Information given: Begin

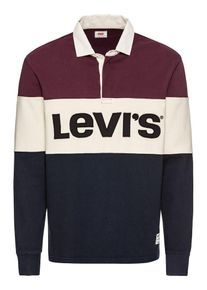 Levi's LEVI'S, Herren Sweatshirt 'MIGHTYBLOCKED', Creme / Navy / Weinrot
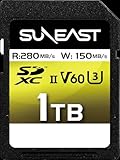 SUNEAST (Japan) 1 TB Ultimate PRO V60 U3 C10 UHS-II SDXC Speicherkarte Lesen: 150 MB/s...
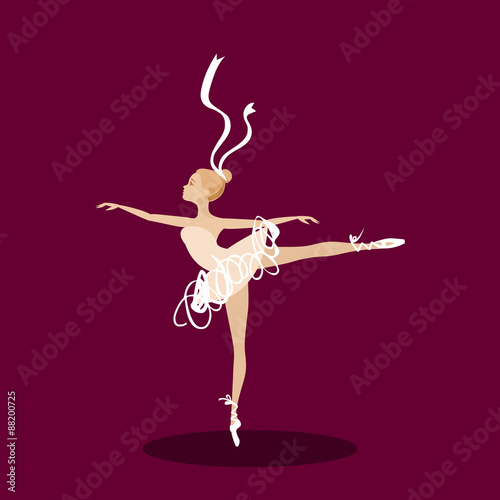 ballet dancer on stage
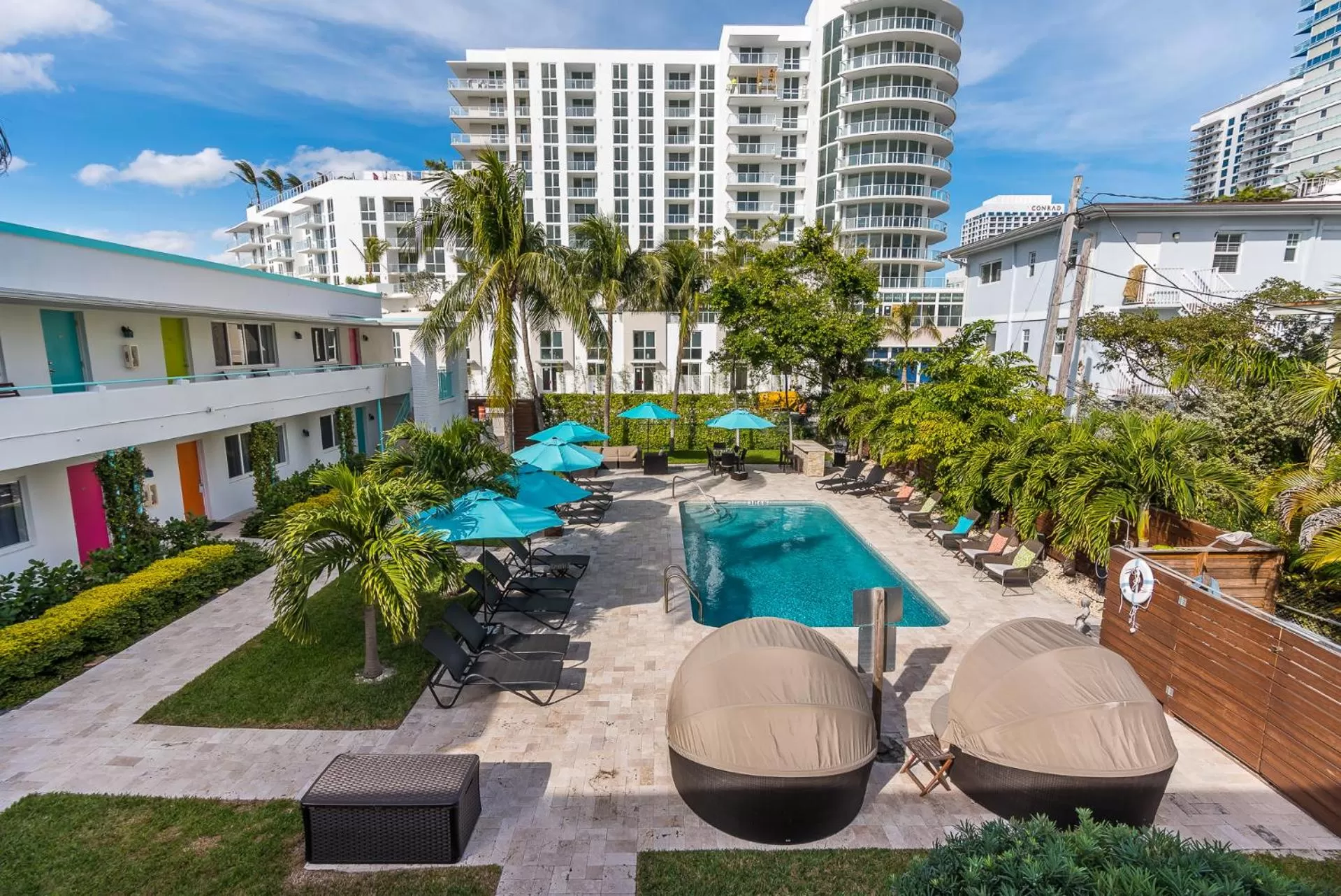 Bird's eye view in Nobleton Hotel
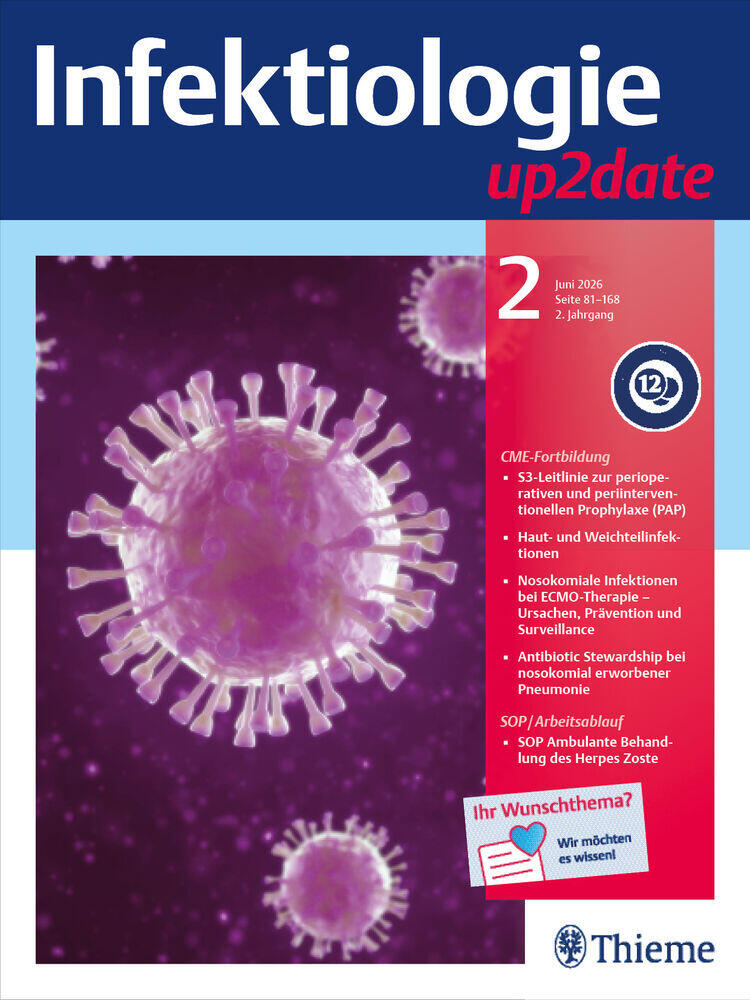 Journal cover of "Infektiologie up2date"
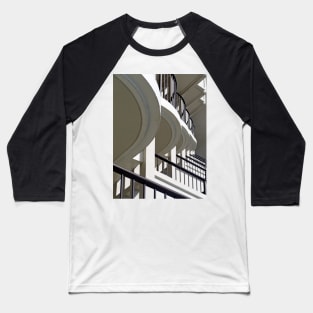 Patterned Balconies Baseball T-Shirt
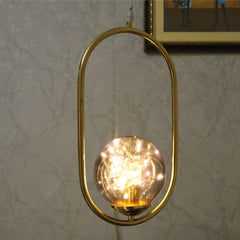 Fairy Capsule Brass Hanging Light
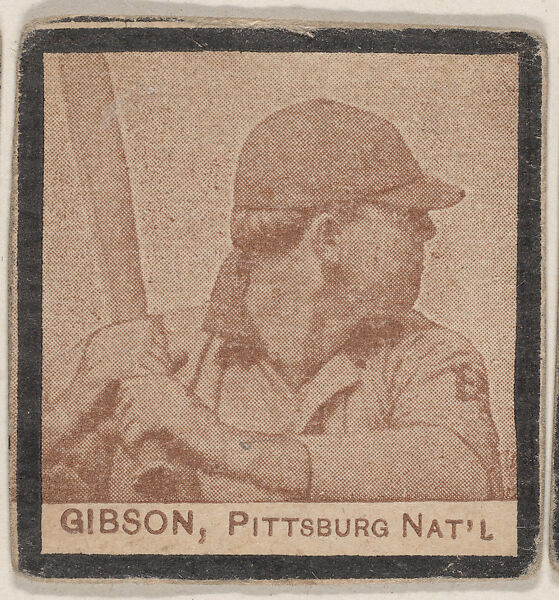 Gibson, Pittsburg Nat'l from the Jay S. Meyer Base Ball Snap Shots candy series (W555), Jay S. Meyer Confectioners, Philadelphia, Commercial photolithograph 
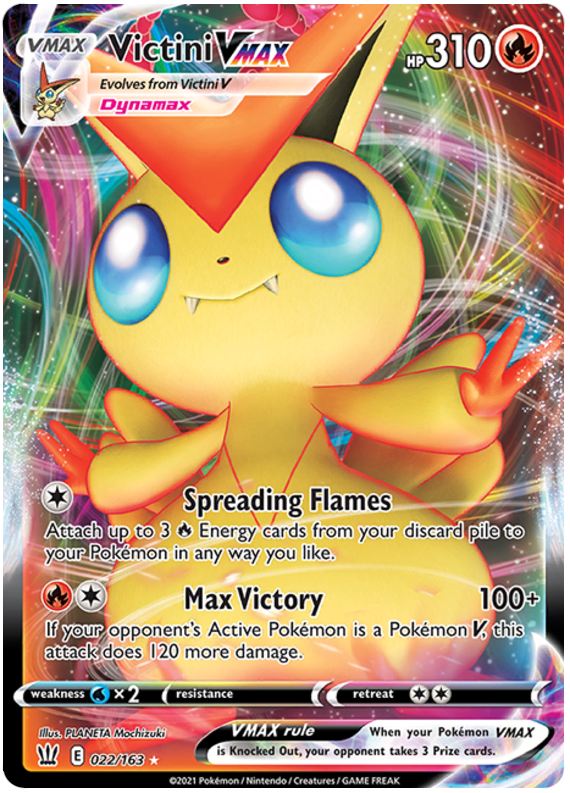 Pokemon | Victini VMAX (022/163) [Sword & Shield: Battle Styles] | The Nerd Merchant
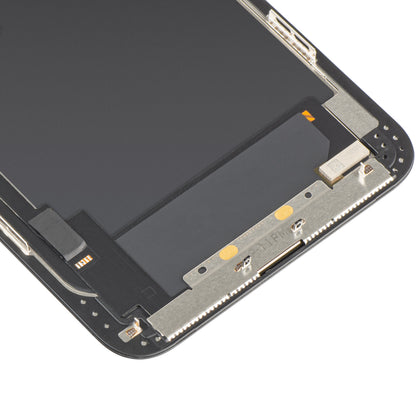 MP érintőképernyős kijelző kompatibilis az Apple iPhone 11 Pro Max készülékkel, kerettel, OLED FHD IC Movable verzió, fekete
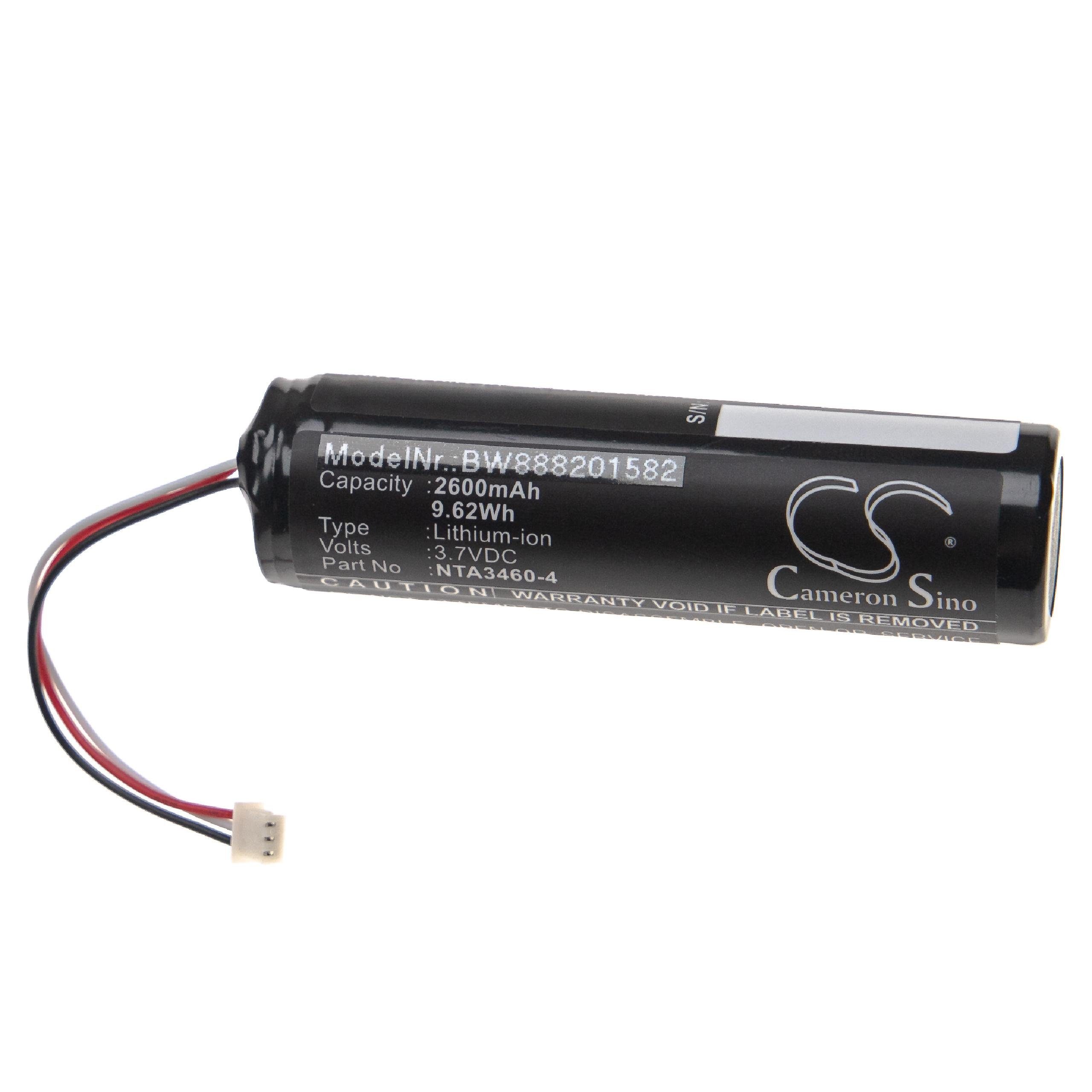 Akku Ersatz für Philips NTA3460-4, NTA3459-4 für Babyfon (2600mAh, 3,7V, Li-Polymer) 2600 mAh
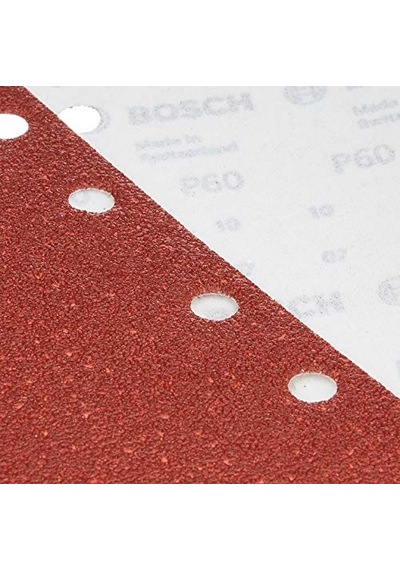 Accessories Dıy Zımpara Kağıdı Titreşimli Zımpara Için Farklı Malzemeler 10 Adet 115 X 230 Mm Granülasyon 240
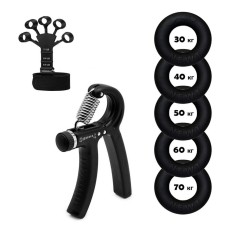 Набор кистевых эспандеров кольцо+эспандер, ножницы Power Grip Set NE-1589-WR15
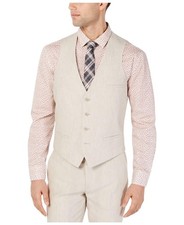 BAR III Mens Slim Fit Suit Separate Suit Vest - Tan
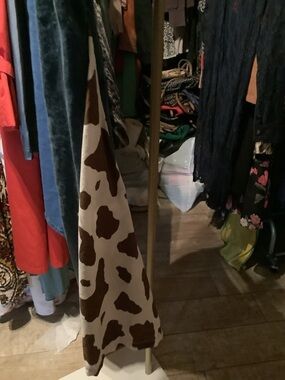 Brown and Cream Cow Print flares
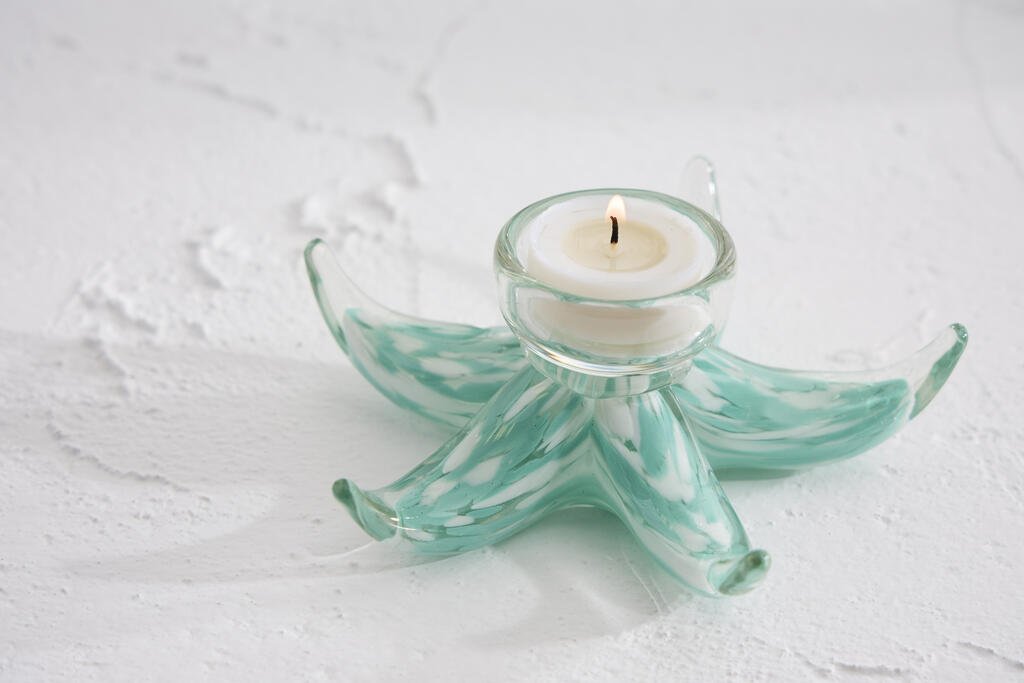 Aqua Starfish Tealight Holder - Distinctly Living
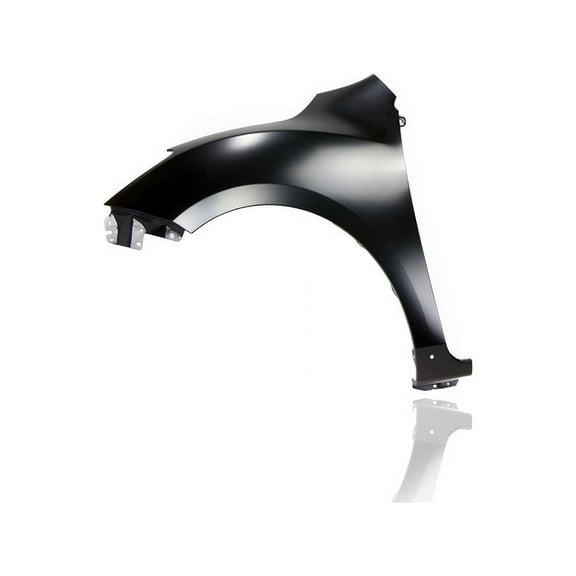Fender - Compatible/Replacement for '10-13 Mazda Mazda3 Hatchback (Exclude 2.3t/Turbo) - With Side Spoiler Hole, Without Side Marker/Splash Guard Hole - Front Left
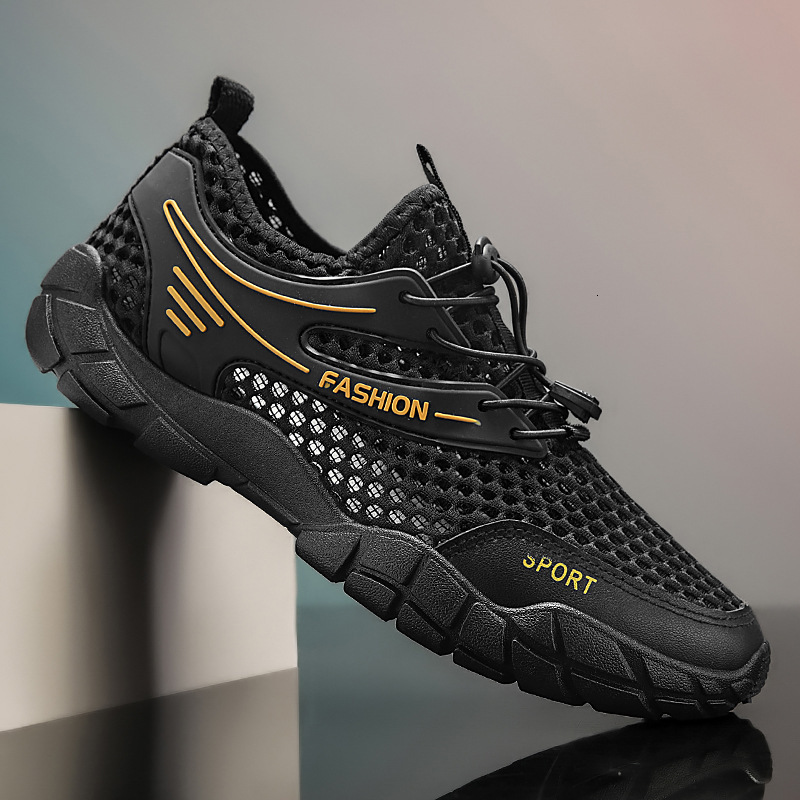 Casual Shoes Men S Summer Breathable Thin New Sports Casual Running Deodorant Mesh Hollow Versatile Trendy Shoes Ddmysaturn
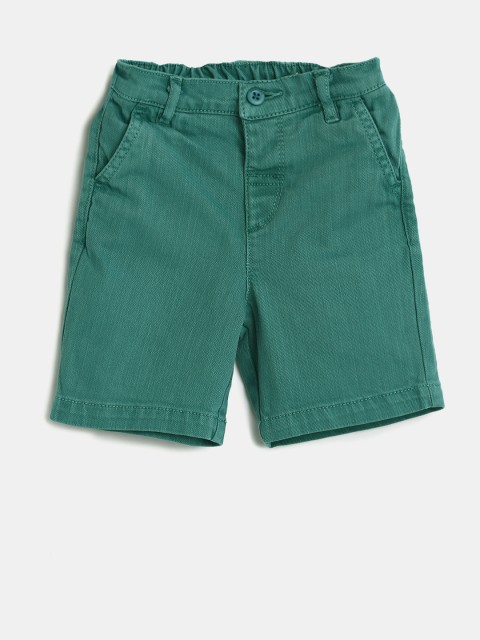 

Juniors by Lifestyle Boys Green Printed Regular Fit Regular Shorts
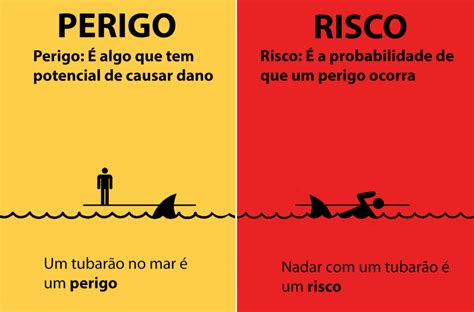 Qual a diferença entre perigo e risco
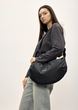 Жіноча сумка Sambag HOBO Bag-glove з внутрішніми кишенями та утепленими боковими кишенями з тканини Чорна - зображення 3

Information given: End

After removing the pictures, repeat the remaining records exactly.

**Written solution:**
 Levi's LEVI'S, Herren Sweatshirt 'MIGHTYBLOCKED', Creme / Navy / Weinrot
 SUNEAST (Japan) 1 TB Ultimate PRO V60 U3 C10 UHS-II SDXC Speicherkarte Lesen: 150 MB/s...
 ballet dancer on stage
 Bird's eye view in Nobleton Hotel
 Journal cover of "Infektiologie up2date"
 Patterned Balconies Baseball T-Shirt
 Fairy Capsule Brass Hanging Light
 Gibson, Pittsburg Nat'l from the Jay S. Meyer Base Ball Snap Shots candy series (W555), Jay S. Meyer Confectioners, Philadelphia, Commercial photolithograph 
 Pokemon | Victini VMAX (022/163) [Sword & Shield: Battle Styles] | The Nerd Merchant
 MP érintőképernyős kijelző kompatibilis az Apple iPhone 11 Pro Max készülékkel, kerettel, OLED FHD IC Movable verzió, fekete
 Akku Ersatz für Philips NTA3460-4, NTA3459-4 für Babyfon (2600mAh, 3,7V, Li-Polymer) 2600 mAh
 Accessories Dıy Zımpara Kağıdı Titreşimli Zımpara Için Farklı Malzemeler 10 Adet 115 X 230 Mm Granülasyon 240
 Набор кистевых эспандеров кольцо+эспандер, ножницы Power Grip Set NE-1589-WR15
 BAR III Mens Slim Fit Suit Separate Suit Vest - Tan
 Brown and Cream Cow Print flares
 Aqua Starfish Tealight Holder - Distinctly Living
Fender - Compatible/Replacement for '10-13 Mazda Mazda3 Hatchback (Exclude 2.3t/Turbo) - With Side Spoiler Hole, Without Side Marker/Splash Guard Hole - Front Left
 Casual Shoes Men S Summer Breathable Thin New Sports Casual Running Deodorant Mesh Hollow Versatile Trendy Shoes Ddmysaturn

Juniors by Lifestyle Boys Green Printed Regular Fit Regular Shorts
 Qual a diferença entre perigo e risco
 Жіноча сумка Sambag HOBO Bag-glove з внутрішніми кишенями та утепленими боковими кишенями з тканини Чорна - зображення 3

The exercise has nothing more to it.